What this task involves> For this task, extract exactly the lines of the data below, from the line containing "Vector drawing. Corked" through the last one, with pictures left out.
Data shown below:
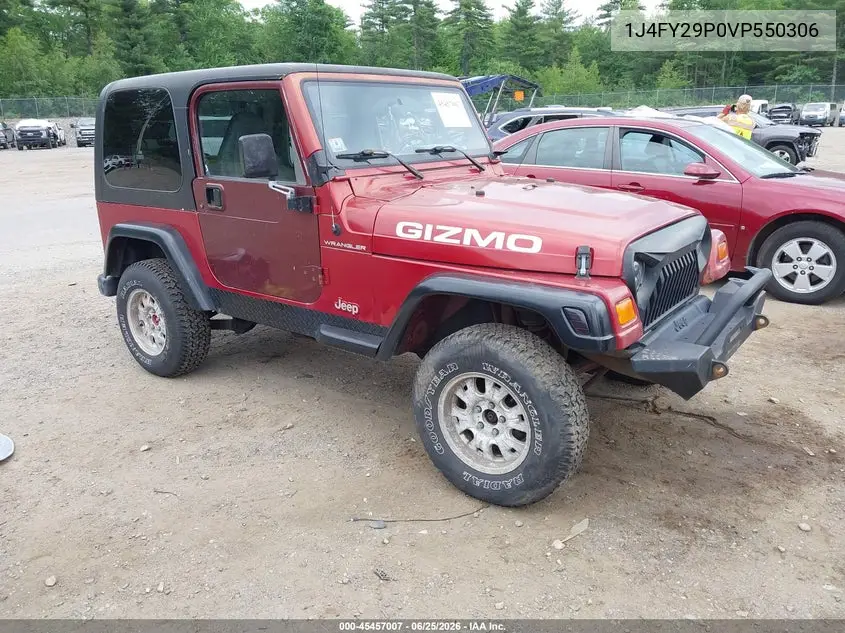 1997 Jeep Wrangler Se VIN: 1J4FY29P0VP550306 Lot: 45457007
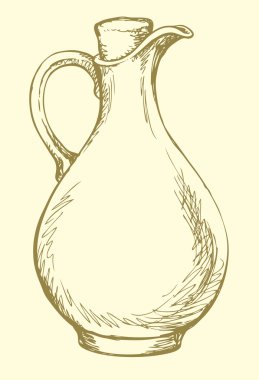 Vector drawing. Corked jug with handle clipart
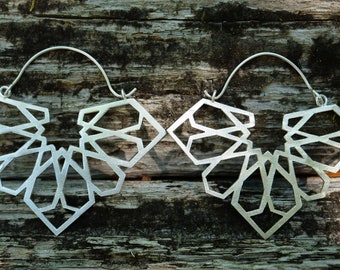 Harmonic hoop earrings - Silver earrings - geometric earrings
End of Data shown.
Your response>
 Vector drawing. Corked jug with handle clipart
 Harmonic hoop earrings - Silver earrings - geometric earrings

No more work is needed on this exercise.